Exercise requirements: Although the listing below holds pictures, reproduce only its lines from the one containing "200 Eagle Court Bedford TX 76021" through the last, exactly and without them.

* * *

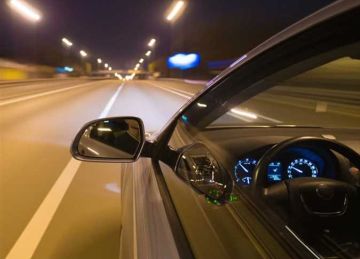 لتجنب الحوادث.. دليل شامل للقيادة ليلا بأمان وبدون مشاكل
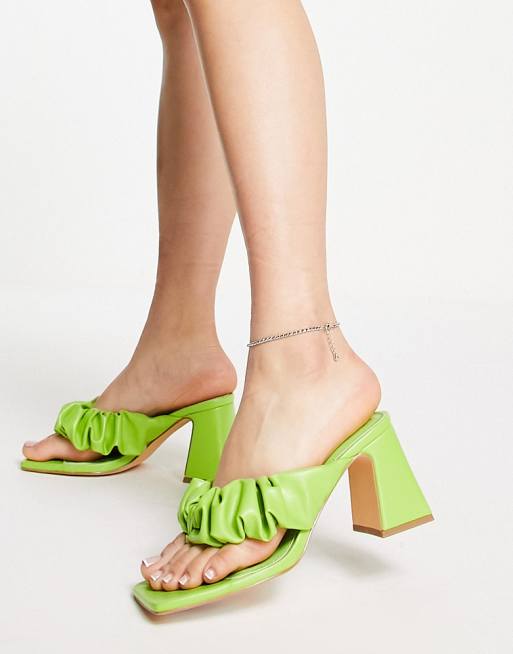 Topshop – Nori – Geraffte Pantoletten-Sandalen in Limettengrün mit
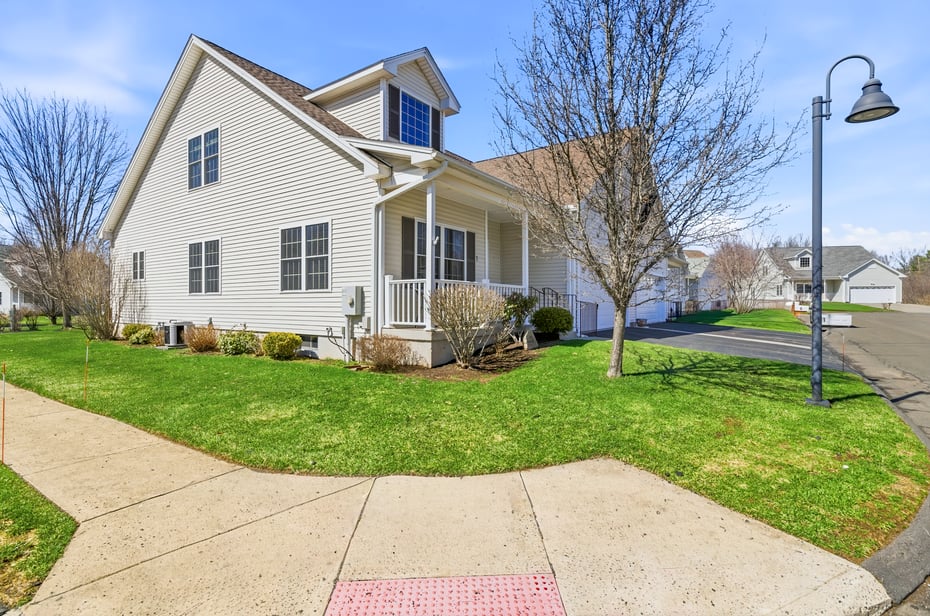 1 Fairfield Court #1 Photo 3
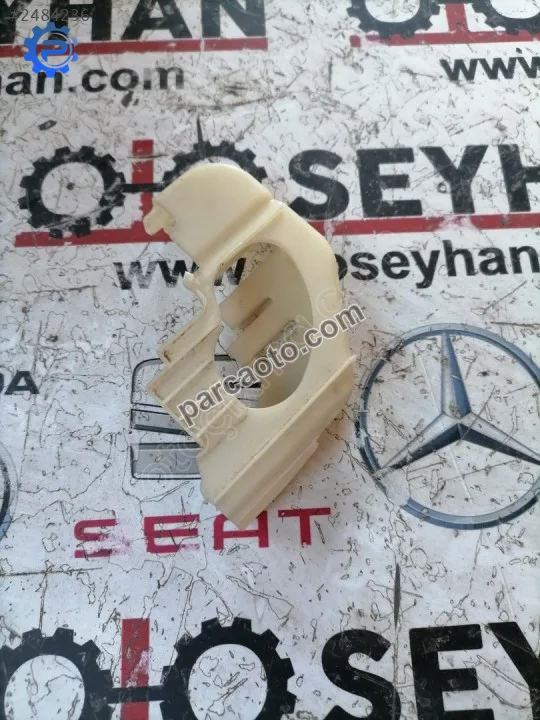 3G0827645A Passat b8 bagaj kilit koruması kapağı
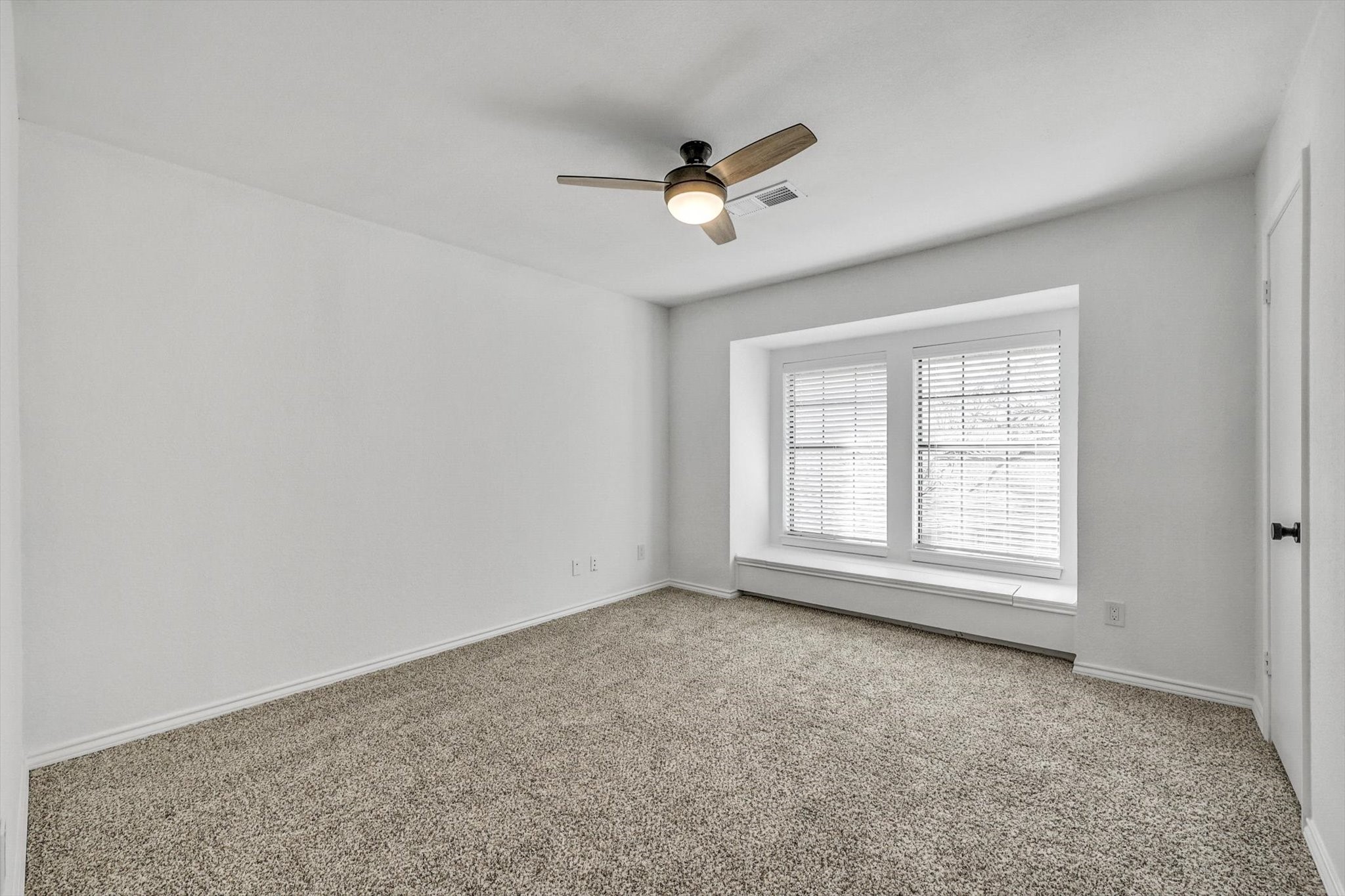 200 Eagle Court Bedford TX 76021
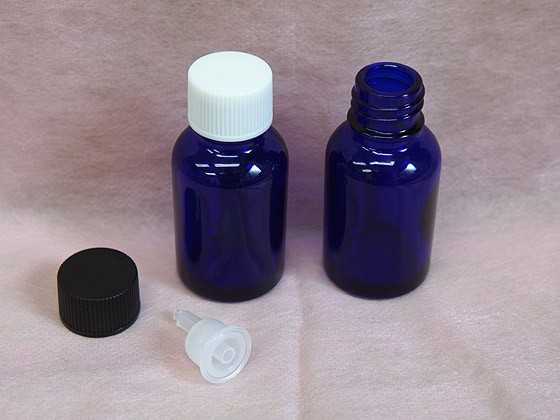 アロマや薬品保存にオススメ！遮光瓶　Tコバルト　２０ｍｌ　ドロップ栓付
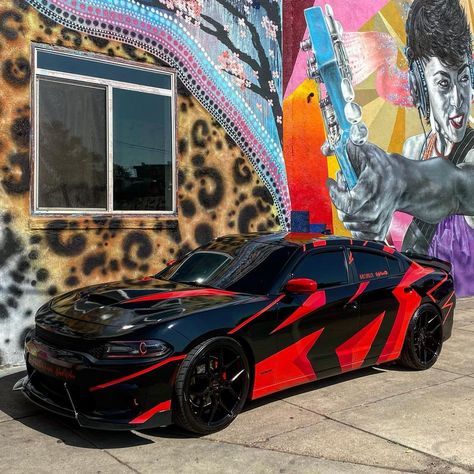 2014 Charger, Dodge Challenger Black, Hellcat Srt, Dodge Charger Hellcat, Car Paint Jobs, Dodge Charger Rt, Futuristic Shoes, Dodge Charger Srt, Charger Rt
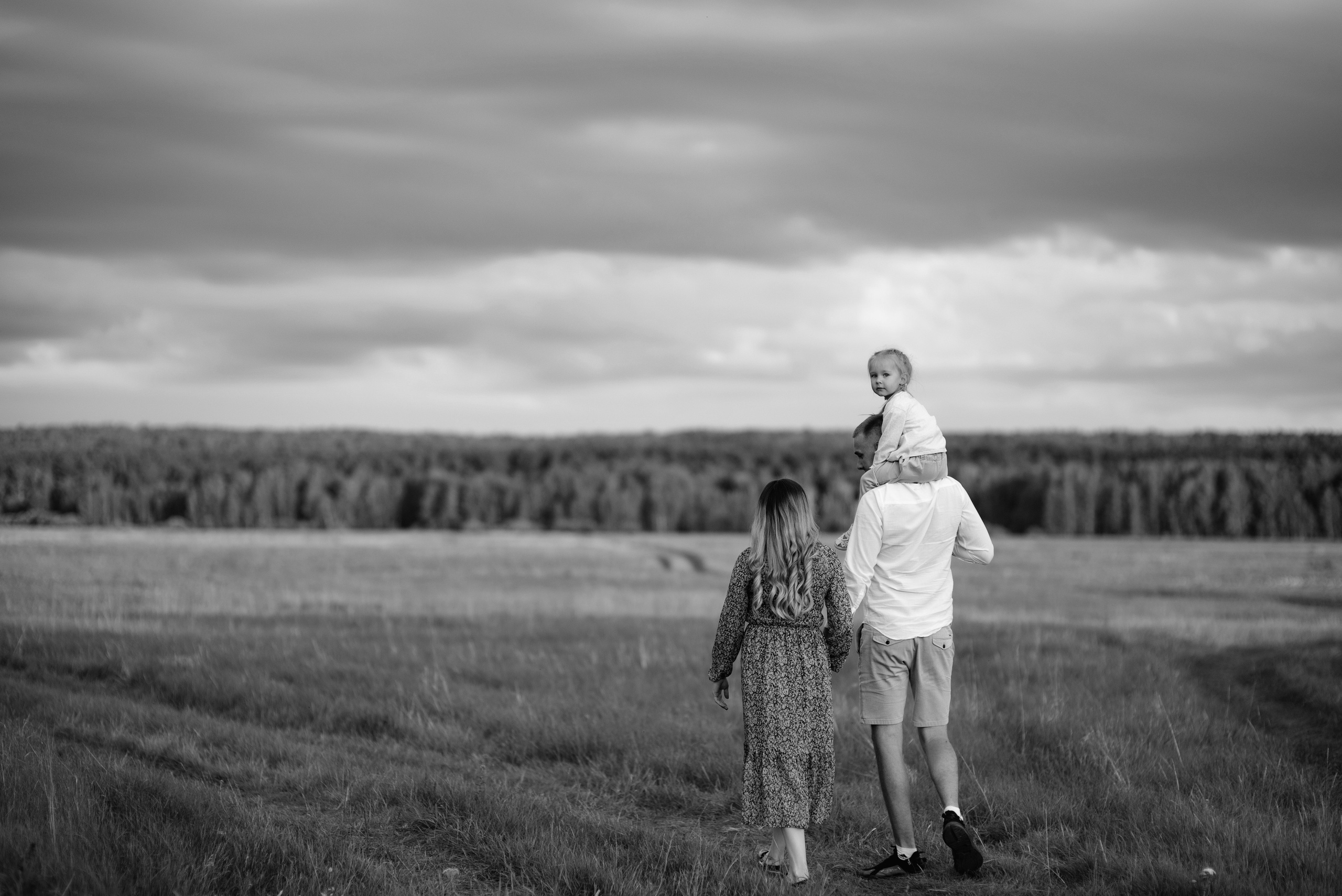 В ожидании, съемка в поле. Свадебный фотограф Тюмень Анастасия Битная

* * *

Expected answer:
 200 Eagle Court Bedford TX 76021
 アロマや薬品保存にオススメ！遮光瓶　Tコバルト　２０ｍｌ　ドロップ栓付
 2014 Charger, Dodge Challenger Black, Hellcat Srt, Dodge Charger Hellcat, Car Paint Jobs, Dodge Charger Rt, Futuristic Shoes, Dodge Charger Srt, Charger Rt
 В ожидании, съемка в поле. Свадебный фотограф Тюмень Анастасия Битная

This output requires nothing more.